It was the biggest anti-war rally in Mindanao since full-scale fighting began in August after the junking of the Memorandum of Agreement on Ancestral Domain (MOA-AD) initialed by the Philippine government and the Moro Islamic Liberation Front (MILF).

What’s your take on the Mindanao crisis? Discuss views with other readers

Waving banners and streamers with calls for a halt in the indiscriminate bombing of Moro communities, the rallyists marched from Bangolo to the Army headquarters in Kampo Ranao in Marawi City.

“We are angry. We want an end to this war,” said Haj Abdullah Lacs Dalidig, leader of the Islamic Movement for Electoral Reform for Good Government.

Dalidig said Moro communities in Central Mindanao and two Lanao provinces have bear the brunt of the military offensive to catch the two MILF commanders — Umbra Kato and Abdul Rahman alias Commander Bravo — accused of carrying attacks in North Cotabato and Lanao del Norte.

“Our communities have been subjected to aerial and artillery bombardment that did not happen anywhere else in the country. Communities in Luzon and Visayas did not suffer like we do,” he said.

Dalidig said the UN and OIC should step in to end the war and bring the failed peace negotiations between the Philippine government and the MILF back on its track.

The peace rally came as new clashes erupted in Maguindanao province killing four soldiers and five guerrillas Thursday.

In a manifesto, the Consortium for the Bangsamoro Civil Society (CBCS), composed of several non-government organizations, peoples’ organizations, academe, and religious groups, said that with the mediation of the two strong and very influential global organizations, there would be cessation of hostilities in Mindanao.

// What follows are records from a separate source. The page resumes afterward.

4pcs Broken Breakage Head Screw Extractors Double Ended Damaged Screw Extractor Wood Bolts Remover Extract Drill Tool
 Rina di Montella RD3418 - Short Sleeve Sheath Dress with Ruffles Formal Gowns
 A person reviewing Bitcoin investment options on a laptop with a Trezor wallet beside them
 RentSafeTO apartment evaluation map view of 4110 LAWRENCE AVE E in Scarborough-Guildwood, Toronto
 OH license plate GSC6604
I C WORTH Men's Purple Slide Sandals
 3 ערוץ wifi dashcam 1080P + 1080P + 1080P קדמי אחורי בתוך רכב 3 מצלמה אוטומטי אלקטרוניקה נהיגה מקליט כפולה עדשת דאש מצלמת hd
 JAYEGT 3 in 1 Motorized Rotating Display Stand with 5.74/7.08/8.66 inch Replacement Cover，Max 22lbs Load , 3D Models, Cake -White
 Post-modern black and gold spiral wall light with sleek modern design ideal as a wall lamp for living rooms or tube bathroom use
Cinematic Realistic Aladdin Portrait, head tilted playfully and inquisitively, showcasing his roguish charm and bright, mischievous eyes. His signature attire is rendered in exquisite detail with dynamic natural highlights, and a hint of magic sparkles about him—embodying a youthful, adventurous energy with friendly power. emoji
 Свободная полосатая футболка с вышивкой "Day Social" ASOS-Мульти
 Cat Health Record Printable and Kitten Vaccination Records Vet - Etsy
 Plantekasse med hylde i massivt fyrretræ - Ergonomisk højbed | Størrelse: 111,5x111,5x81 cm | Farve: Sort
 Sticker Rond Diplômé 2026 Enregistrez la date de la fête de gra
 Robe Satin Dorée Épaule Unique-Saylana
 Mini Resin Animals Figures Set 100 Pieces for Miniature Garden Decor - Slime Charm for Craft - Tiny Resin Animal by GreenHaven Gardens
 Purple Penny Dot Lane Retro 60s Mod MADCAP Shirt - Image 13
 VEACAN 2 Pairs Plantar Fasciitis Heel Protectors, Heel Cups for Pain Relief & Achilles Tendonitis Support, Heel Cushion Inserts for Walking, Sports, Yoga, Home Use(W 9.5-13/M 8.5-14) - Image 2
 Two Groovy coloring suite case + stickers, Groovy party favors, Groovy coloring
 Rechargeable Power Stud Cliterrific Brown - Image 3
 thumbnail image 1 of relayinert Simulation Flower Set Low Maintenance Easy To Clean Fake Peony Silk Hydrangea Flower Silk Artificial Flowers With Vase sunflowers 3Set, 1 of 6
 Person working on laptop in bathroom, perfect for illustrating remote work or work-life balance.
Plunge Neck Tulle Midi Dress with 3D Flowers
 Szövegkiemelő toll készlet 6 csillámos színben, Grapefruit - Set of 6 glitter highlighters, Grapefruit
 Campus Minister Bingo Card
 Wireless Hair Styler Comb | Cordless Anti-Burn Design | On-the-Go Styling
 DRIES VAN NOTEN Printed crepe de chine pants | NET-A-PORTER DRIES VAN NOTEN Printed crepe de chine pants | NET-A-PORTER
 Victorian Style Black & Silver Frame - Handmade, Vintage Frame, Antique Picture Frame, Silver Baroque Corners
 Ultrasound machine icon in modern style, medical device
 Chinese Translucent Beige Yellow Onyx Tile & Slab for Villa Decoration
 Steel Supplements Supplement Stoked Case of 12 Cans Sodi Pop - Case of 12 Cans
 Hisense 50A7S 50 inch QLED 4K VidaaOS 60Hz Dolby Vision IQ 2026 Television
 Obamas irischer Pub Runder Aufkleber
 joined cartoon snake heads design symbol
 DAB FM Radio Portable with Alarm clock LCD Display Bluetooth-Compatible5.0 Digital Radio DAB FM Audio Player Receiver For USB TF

The group has also called on the UN to investigate and determine the true cause and extent of the war in Mindanao.

The group felt the Moro people are still bereft of their inherent rights as a distinct sovereign nation.

“When, after many decades of so-called peace negotiations, the Bangsamoro people wake up to the harsh truth of the abominable situation of sustained betrayal, manipulation, lying, cheating, and killing by the Government of the Republic of the Philippines,” it stressed.

Meanwhile, International humanitarian agencies have raised concerns over their safety when delivering aid to thousands of people displaced in the southern Philippines, officials said Thursday.

Defense Secretary Gilberto Teodoro said the issue was aired during a meeting between a special government taskforce on refugee and various UN agencies.

“One of the issues raised was the security of international aid workers and other NGOs (non-governmental organizations) who are helping in the relief operations,” he said.

But providing troops to escort food convoys could also strain soldiers on the frontlines against the MILF, which has been locked in heavy fighting with troops since August.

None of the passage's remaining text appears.